MEMPHIS, TN (WMC) - A Cordova, Tennessee, man will plead guilty in the case that spawned Tennessee's new get-tough law on uninsured drivers.
His attorney confirmed 26-year-old Roderick Maggett will plead guilty December 8 to vehicular homicide in exchange for no jail time. The terms of the plea agreement have not been finalized, but Rhonda Cochran, the mother of the man Maggett killed, said they would include six years probation, six years of community service, mandatory attendance at crash victim impact classes, and no diversion.
"Meaning he will always be known as a felon," Cochran said. "And he won't be allowed to have a driver's license for six years."
"We do have the terms of a negotiated plea set out," said Marty McAfee, Maggett's attorney. "We will soon set those out as part of probation, and we're just trying to hammer out a few final details." Records indicated Maggett has no prior felony record.
On July 1, 2014, Maggett -- without auto insurance and driving his sister's uninsured Chevy Trailblazer -- was westbound on Shelby Dr. in Southeast Memphis. Around 4 p.m., he crossed the center line and crashed head-on into 30-year-old James Lee Atwood, Jr.'s insured Lexus. The crash killed Atwood, Jr., instantly.
According to the accident report, Maggett was not wearing a seat belt. He also had an unrestrained 6-year-old in the back seat. The report indicated an adult passenger in the front seat told officers on the scene that both Maggett and he "dozed off."
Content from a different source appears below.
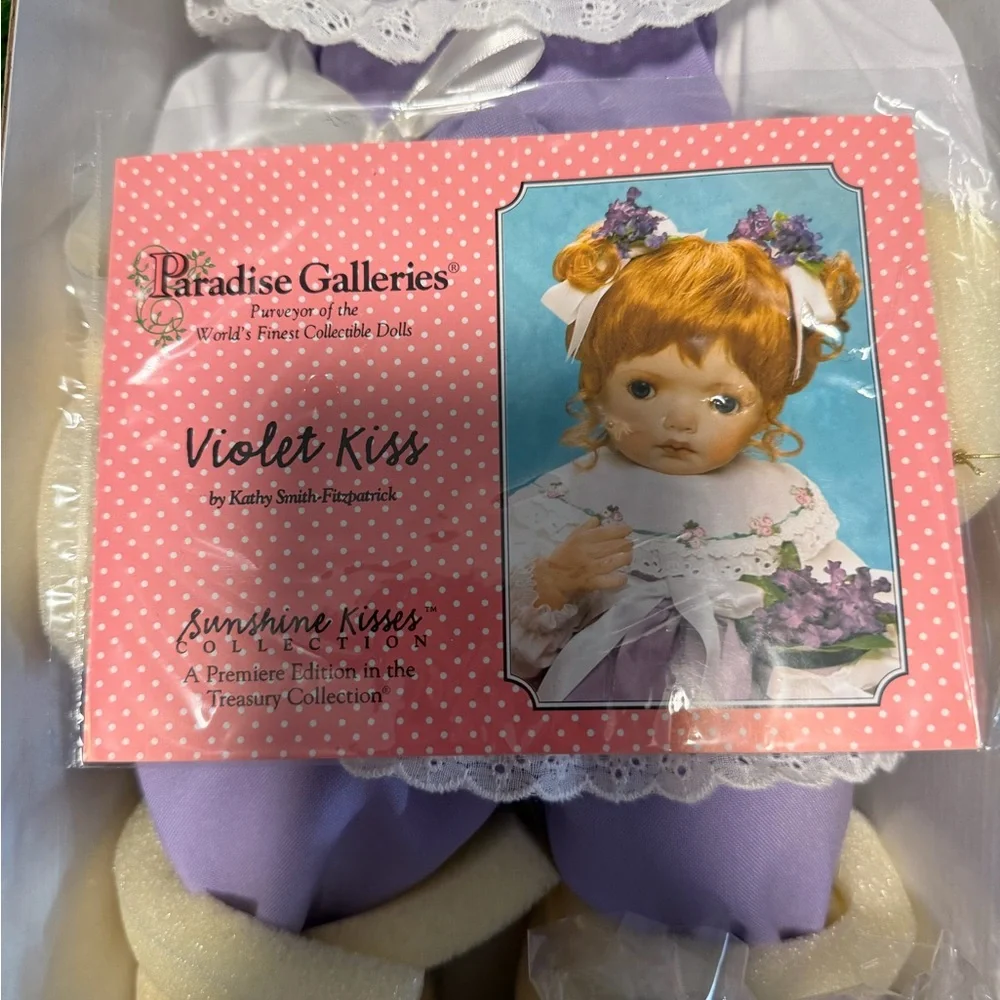 Paradise Galleries Treasury Collection Doll with Brown‎ Hair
"How does that happen?" asked Cochran. "You've got two grown people in the front seat, in the middle of the afternoon, and they're both sleeping?"
Memphis police arrested and charged Maggett with vehicular homicide, violation of Tennessee's financial responsibility (proof of insurance) law, and violation of child restraint. In April, a Shelby County grand jury indicted Maggett on vehicular homicide and reckless endangerment charges.
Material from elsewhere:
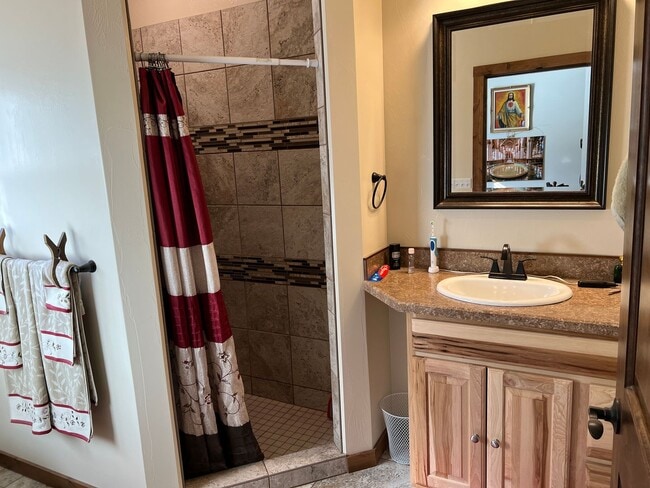 Photo - 11 Fieldcross Ln Unidad B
What the arresting officers didn't know is Shelby County sheriff's deputies pulled Maggett over earlier that same day and cited him for violation of the Tennessee financial responsibility law. Since 1977, that law has required Tennessee drivers to carry a minimum of liability insurance.
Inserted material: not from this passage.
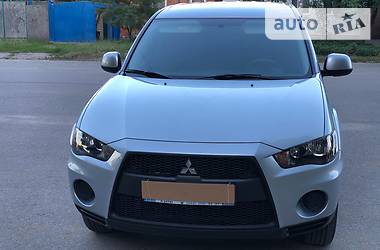 Внедорожник / Кроссовер Mitsubishi Outlander XL 2012 в Сумах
Without the authority to detain Maggett or his vehicle, officers let him drive off -- only to crash into and kill Atwood Jr. seven hours later while still driving without insurance. "Had he been taken off the road that day for the exact same thing that he had been pulled over for earlier, he would not have been on the road that day to hit and kill my brother," Caleb Atwood said. "People who drive around without insurance are probably the most dangerous. It's time to tow them."
The Maggett case is what spurred Tennessee lawmakers in July to pass the most aggressive package of penalties against the state's uninsured drivers since the 1977 mandate.
The James Lee Atwood, Jr., law triples the fines for violating Tennessee's financial responsibility law from $100 to $300 in state courts with jury authority. It also authorizes the Tennessee Department of Revenue to implement a statewide insurance verification database by 2017 that will track proof of insurance through vehicle registration. Those drivers whose registration reveals they do not carry insurance can face the revocation of their registration.
The law also gives every Tennessee police department the authority and discretion to tow the vehicles of drivers who violate the financial responsibility law. But a clerical error in the final draft of the law delayed that towing authority until January 1.
"It's our desire for every single Tennessee police department to have a towing policy on uninsured drivers come January," said Tennessee Rep. William Lamberth, (R) Sumner County, the chief architect of the new insurance law. "If they do not, then we are willing to take other legislative action, including the possibility of requiring police departments to tow drivers cited with violating the financial responsibility law."
After waiting 17 months, witnessing a grand jury indictment, going through countless court appearances, and seeing law passed in her son's name since, Cochran said it's time Maggett pleaded guilty. "This has gone on too long," she said. "If he's going to plead guilty, he just needs to go ahead and do it."
Maggett has declined every request for an interview, referring all questions to his attorney.